Energy-efficiency and overhead costs are two key factors in determining annual profits in all commercial and industrial operations today. Yet, all too often, operation managers overlook the simplest solutions because they are unaware of the waste - and potential savings - right in front of them.
Updating industrial lighting infrastructure is one such solution. Lighting accounts for up to 25 percent of all energy costs for industrial and commercial operations. Further, studies show that just two years ago, more than 40 billion square feet of industrial space was still operating on outdated lighting systems. So lighting infrastructure, still a massive, year-round expense, is positioned to be one of the leading cost-savers for industrial operations globally.
Incentives and More
But what is the initial investment motivation for individual owners? A recent study by Johnson Controls reveals that energy cost savings and government incentives are two of the leading reasons for investing in energy-efficiency updates like improved lighting infrastructure. Through January 2014, incentives such as the Energy Efficient Commercial Buildings Tax Deduction allow owners to write off the complete cost of a lighting upgrade, capped at a 60-cents-per-square-foot tax deduction.

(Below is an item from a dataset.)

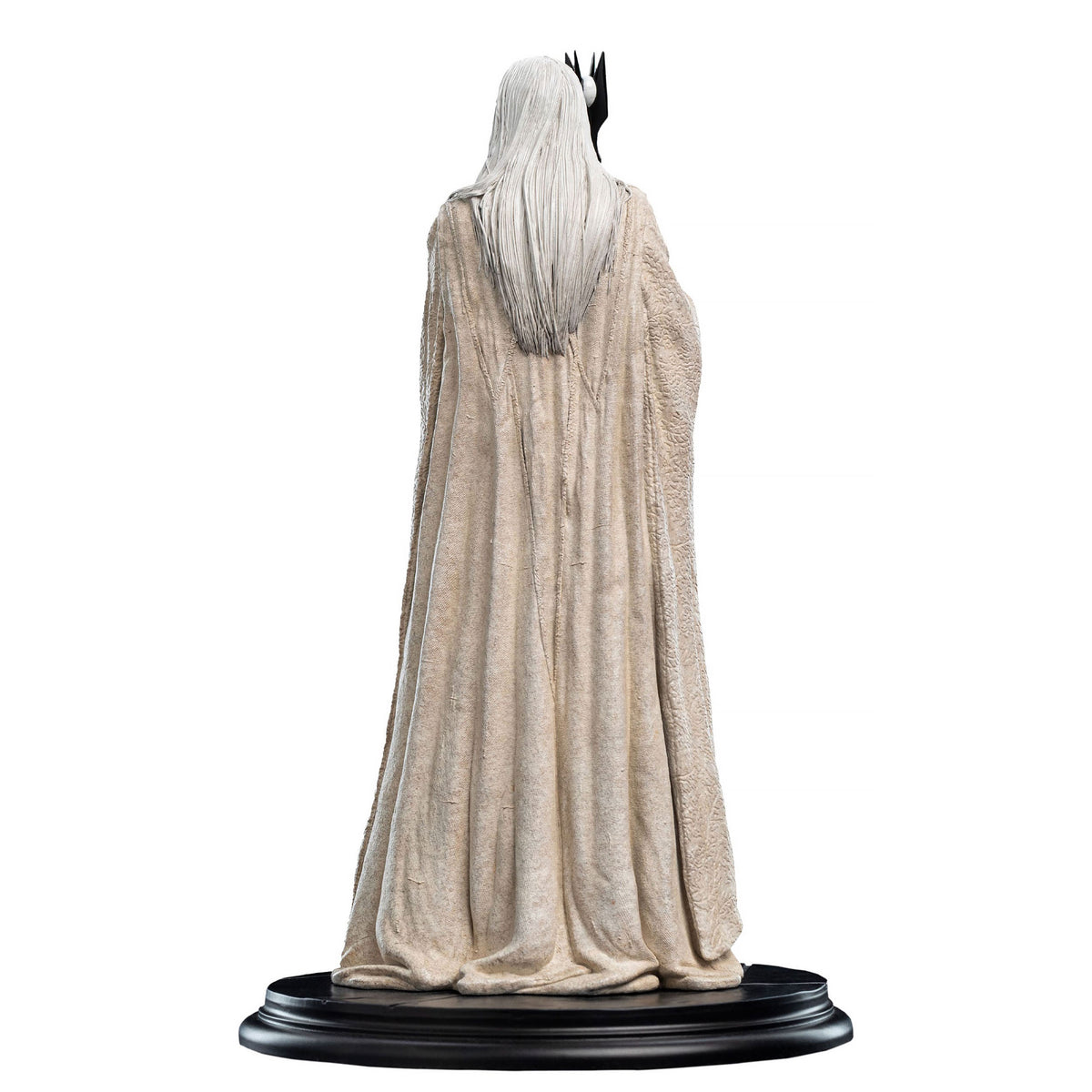 Produktbild Der Herr der Ringe - Saruman Statue Classic Series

These public incentives, combined with the individual utility savings, provide attractive payback on upgrades that are now worthwhile long-term and short-term financial investments for the commercial and industrial sectors. This means that annual timelines for realizing returns on investment are now often less than 24 months for a simple payback.

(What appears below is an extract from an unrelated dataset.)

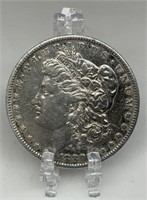 1880 - P Morgan Silver Dollar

The lighting industry and commercial retrofitting operations are aimed at rapid new advancements and technologies. And thanks to market forces, sustainability mandates, and government incentives, a generous window exists today to obtain the maximum value on investment. But now is the time for implementation.
With the support of initial energy audits, owners can determine the condition of current lighting equipment, quantify potential savings, and choose from various technologies and systems that would optimize efficiency, including LED solutions. Studies show that a 45 percent global usage rate of LED lighting by 2020 could save five trillion kWh of electricity, eliminate the need for nearly 600 full-scale power plants, and eliminate more than eight billion tons of carbon emissions.
Industrial retrofitting is no longer a lofty idea. Instead, it is a measurable solution that makes business sense for operations across the board. In many cases, estimates conservatively place savings at nearly 50 percent of lighting energy costs and 50 percent returns on investment. This does not include the intangible and qualitative benefits that will come from sound business practices, including lowered maintenance costs and increased worker productivity. For example, a global producer of paper and packaging saved $3.5 million and 52 million kWh annually through a multi-year investment that will start achieving an exponential return on investment shortly after year two.
The benefits are enormous, but the commercial and industrial industries must invest in their businesses today or risk being left behind tomorrow. In the world of industrial energy, where cost is the driving force, lighting efficiency is an obvious solution that must not be overlooked.